Thanks to the Michigan News Agency for letting the five of us take over the back of the store to talk about two important topics – baseball and business. How do the two go together? I actually had not considered it while reading “Moneyball” by Michael Lewis. It was a point brought up by JJ (sitting next to me), who was leading the discussion group tonight. He said that the book implied methods for the future of baseball. “The problem is that it can’t just be statistics which are used. The human element is also needed.” This was a recurring point throughout the discussion.
JJ, along with Craig (in the Detroit Tigers shirt) and Eric (wearing red), are all baseball fans. Juan (in the striped top) and I had different perspectives if only because our source was strictly the book, not what has happened in baseball, especially to the Oakland A’s, since 2002.
Here were some of the main discussion points:
- The agents in the book were divided between new and old guard, referring to the talent scouts. Many of us choose to run our own business because we disagree with the “old guard.”
- Economic lesson – getting more for less especially when considering a minimum wage pitcher vs paying one $14 million who is injured. Sometimes spending money isn’t the best value.
- Finance – how trades were strategically made. At the end of the day this would be used for business, not necessarily for a baseball team.
When it comes right down to the “Moneyball” story, it was all about Billy Beane. He was supposed to be “THE Guy,” super athlete, and drafted straight out of high school. Eventually, he became the manager of the Oakland A’s, a Major League Baseball team, and was determined to find players who were not like him, who didn’t cost a lot of money (because it wasn’t available to spend), and end up with a winning team.
Billy traded players like people trade stocks, trying to get the best deals. More than that, though, he had certain standards that were important to him. When players or staff did not buy into the standards, they ended up in one of his trades.

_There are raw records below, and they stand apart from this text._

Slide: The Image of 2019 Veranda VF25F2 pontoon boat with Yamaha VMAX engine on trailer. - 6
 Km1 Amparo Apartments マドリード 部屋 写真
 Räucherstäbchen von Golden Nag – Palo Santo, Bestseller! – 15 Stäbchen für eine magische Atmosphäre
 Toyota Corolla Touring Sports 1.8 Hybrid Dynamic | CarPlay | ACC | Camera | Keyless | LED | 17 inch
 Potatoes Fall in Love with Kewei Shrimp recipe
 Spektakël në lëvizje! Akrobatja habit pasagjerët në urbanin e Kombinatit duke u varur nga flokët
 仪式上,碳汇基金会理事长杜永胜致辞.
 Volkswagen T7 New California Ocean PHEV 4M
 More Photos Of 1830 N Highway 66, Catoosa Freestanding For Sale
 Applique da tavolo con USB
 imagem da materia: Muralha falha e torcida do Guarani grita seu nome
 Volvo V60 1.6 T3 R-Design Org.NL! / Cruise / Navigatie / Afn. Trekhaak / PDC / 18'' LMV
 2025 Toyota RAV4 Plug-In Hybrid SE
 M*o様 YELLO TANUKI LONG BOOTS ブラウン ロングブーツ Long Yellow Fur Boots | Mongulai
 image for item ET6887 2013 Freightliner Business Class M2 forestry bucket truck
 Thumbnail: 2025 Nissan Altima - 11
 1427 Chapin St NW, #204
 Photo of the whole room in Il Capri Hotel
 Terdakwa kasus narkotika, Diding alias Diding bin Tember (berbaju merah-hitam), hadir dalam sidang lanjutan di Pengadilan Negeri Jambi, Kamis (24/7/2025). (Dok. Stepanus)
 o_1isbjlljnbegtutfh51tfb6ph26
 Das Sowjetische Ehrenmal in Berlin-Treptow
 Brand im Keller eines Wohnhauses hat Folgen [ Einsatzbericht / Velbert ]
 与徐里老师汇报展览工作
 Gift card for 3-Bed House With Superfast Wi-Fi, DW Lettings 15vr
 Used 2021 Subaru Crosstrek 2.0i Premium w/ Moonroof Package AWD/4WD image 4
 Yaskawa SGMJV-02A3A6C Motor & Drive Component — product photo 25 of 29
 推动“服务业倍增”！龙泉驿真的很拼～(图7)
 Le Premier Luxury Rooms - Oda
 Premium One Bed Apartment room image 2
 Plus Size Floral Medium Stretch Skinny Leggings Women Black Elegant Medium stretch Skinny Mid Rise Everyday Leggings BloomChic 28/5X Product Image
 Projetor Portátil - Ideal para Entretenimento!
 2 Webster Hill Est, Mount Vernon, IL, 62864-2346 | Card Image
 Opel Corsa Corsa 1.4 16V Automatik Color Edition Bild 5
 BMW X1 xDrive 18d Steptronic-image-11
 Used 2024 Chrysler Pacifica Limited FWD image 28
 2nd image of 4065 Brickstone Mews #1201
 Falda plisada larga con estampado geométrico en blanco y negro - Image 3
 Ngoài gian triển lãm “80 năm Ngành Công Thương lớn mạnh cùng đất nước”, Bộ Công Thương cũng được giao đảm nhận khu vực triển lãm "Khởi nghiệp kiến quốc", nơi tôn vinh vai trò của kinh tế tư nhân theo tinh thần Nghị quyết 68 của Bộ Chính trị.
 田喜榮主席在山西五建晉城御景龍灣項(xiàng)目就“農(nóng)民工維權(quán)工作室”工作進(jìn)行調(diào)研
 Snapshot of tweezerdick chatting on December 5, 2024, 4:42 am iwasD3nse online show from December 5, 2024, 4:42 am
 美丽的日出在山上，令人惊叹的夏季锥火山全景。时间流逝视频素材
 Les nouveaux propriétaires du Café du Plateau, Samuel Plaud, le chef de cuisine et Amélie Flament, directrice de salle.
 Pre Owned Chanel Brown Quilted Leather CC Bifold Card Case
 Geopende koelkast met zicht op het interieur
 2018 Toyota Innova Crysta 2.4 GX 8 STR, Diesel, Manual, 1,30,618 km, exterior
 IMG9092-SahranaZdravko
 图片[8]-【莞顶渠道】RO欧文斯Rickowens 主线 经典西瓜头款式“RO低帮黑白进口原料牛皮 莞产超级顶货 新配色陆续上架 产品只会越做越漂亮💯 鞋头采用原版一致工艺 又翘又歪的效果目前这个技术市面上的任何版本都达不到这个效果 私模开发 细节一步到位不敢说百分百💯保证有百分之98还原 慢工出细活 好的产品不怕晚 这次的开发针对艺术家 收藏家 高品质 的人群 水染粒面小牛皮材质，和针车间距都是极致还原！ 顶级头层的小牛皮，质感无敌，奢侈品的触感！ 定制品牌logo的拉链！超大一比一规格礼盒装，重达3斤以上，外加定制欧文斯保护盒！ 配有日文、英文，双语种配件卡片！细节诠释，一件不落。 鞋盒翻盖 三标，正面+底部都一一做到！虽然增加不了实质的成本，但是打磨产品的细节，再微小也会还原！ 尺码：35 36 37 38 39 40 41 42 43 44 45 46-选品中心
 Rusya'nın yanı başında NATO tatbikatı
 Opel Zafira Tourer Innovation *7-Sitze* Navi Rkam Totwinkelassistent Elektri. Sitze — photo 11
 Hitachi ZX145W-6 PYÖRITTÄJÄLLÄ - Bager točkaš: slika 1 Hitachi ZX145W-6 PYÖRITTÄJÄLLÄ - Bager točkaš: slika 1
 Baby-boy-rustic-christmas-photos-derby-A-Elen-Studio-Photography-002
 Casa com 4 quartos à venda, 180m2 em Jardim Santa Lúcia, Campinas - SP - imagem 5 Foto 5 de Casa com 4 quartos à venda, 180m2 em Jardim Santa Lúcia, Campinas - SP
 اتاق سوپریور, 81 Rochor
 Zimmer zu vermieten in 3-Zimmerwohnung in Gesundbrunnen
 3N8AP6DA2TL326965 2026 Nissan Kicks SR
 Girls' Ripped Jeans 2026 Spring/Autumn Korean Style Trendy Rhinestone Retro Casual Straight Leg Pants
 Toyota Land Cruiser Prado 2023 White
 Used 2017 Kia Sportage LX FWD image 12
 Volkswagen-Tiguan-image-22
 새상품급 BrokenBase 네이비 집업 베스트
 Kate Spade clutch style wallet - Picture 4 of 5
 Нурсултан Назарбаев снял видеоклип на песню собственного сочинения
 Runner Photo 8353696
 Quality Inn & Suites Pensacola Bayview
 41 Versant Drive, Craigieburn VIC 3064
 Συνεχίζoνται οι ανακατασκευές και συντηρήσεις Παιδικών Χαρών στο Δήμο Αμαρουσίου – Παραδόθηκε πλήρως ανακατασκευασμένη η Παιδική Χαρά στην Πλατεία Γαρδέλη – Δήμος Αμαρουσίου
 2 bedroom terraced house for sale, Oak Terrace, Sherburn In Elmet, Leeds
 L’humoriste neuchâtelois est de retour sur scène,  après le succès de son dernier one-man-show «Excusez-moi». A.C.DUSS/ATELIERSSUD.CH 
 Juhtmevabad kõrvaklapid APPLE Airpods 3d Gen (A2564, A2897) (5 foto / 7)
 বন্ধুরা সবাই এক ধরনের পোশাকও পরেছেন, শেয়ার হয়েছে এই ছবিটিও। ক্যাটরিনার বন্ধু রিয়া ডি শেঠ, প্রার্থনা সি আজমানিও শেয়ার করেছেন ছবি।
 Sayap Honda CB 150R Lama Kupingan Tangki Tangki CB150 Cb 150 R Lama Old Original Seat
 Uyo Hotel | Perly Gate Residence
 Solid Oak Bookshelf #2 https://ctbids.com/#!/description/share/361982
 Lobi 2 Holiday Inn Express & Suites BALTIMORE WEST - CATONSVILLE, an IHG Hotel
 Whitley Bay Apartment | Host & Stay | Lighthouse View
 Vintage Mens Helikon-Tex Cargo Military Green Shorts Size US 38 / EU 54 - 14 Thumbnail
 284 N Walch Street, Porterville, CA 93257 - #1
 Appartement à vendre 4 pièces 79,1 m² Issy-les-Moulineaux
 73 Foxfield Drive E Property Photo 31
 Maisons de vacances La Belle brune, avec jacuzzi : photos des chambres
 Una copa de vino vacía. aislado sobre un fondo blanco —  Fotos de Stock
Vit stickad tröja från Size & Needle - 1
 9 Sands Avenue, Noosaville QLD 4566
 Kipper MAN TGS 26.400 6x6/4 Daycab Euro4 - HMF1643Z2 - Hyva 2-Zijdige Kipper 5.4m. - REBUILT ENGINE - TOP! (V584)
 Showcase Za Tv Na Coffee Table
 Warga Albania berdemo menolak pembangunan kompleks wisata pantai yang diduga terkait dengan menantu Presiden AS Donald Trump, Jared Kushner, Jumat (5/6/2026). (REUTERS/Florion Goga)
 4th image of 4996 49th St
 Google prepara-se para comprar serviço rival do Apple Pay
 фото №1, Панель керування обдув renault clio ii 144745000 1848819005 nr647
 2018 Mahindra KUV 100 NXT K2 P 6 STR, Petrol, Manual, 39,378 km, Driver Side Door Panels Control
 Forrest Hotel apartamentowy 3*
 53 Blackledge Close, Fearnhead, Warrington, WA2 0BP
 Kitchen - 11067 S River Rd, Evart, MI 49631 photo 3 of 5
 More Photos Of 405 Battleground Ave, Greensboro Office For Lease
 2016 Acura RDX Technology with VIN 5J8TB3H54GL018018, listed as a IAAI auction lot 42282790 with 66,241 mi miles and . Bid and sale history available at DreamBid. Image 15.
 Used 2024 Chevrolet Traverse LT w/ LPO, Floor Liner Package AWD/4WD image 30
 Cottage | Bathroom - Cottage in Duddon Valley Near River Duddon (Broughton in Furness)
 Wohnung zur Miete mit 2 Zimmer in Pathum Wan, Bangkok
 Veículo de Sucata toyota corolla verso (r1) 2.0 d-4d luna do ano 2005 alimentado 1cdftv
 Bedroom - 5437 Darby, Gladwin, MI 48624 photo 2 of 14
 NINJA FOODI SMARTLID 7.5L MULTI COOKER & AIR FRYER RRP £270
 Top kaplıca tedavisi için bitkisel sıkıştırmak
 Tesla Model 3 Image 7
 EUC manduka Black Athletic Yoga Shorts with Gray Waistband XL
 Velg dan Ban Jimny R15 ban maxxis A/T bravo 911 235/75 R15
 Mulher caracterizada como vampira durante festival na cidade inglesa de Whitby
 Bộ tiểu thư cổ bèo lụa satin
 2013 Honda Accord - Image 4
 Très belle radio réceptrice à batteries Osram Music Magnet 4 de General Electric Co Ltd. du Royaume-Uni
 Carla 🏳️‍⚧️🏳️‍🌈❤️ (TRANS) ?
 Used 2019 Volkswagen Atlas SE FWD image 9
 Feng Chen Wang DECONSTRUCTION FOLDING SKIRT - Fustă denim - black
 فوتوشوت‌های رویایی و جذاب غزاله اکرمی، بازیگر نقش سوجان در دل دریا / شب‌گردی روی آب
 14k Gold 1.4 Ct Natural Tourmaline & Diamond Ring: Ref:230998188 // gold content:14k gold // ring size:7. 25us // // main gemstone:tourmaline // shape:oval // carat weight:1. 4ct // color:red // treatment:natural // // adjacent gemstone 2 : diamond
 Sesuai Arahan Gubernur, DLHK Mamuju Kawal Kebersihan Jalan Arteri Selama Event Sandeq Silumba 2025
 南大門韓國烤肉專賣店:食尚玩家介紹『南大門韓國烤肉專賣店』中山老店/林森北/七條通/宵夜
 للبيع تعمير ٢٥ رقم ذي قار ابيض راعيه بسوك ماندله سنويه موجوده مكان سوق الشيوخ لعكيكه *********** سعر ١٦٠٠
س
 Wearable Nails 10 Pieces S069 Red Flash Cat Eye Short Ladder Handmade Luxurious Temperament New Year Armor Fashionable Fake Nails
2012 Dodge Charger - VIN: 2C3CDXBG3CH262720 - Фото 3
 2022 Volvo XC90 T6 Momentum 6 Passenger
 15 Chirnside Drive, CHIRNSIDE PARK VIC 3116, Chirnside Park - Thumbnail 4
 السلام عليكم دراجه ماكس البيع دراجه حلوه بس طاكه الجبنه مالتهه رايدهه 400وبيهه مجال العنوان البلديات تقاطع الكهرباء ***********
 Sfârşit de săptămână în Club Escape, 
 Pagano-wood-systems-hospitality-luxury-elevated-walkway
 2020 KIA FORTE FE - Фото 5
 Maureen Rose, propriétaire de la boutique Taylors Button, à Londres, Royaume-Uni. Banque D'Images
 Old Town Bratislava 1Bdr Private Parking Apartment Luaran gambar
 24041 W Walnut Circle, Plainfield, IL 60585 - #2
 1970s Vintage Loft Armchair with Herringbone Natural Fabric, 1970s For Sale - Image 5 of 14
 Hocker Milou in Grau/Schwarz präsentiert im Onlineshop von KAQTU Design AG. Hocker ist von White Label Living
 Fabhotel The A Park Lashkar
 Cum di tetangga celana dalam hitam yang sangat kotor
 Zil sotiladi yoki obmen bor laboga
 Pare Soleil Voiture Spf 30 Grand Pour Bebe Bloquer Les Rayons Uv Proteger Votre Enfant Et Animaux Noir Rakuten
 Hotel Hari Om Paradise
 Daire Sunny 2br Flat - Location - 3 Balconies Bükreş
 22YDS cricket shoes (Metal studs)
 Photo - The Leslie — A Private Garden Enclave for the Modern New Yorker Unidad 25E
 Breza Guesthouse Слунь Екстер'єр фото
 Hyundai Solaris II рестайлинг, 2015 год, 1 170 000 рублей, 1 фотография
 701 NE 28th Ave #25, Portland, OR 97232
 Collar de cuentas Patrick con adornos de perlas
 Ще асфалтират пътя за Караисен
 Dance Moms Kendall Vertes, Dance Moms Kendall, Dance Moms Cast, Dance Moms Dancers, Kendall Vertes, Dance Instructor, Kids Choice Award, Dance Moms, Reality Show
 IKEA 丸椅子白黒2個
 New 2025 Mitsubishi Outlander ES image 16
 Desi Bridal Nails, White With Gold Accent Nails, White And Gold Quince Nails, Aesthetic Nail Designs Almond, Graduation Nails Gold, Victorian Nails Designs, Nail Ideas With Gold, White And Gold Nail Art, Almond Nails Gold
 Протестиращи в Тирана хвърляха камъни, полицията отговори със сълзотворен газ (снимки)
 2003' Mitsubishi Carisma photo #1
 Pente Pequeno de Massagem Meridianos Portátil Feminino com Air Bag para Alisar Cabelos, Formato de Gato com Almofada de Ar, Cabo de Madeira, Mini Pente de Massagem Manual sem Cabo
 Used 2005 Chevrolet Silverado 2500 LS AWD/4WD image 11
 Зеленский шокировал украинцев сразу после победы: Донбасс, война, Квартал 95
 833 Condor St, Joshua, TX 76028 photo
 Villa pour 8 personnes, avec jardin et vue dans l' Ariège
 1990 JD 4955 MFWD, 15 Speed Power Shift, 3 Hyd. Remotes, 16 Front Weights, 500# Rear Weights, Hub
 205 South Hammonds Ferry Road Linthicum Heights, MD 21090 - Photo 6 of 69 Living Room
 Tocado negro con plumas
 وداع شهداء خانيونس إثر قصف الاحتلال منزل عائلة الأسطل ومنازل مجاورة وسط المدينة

The question in the discussion was if the “Moneyball” method still applies as a winning concept now that the secret has been out for the last ten years, or has it been built into the culture? In other words, is it really about the statistics? Or is it that Billy created a culture, and the people who stayed were the ones who understood and bought into the concept? As Billy was known to say throughout examples in the book when referring to the distinct differences between the mainstream and some of his players,”We’re not selling jeans.”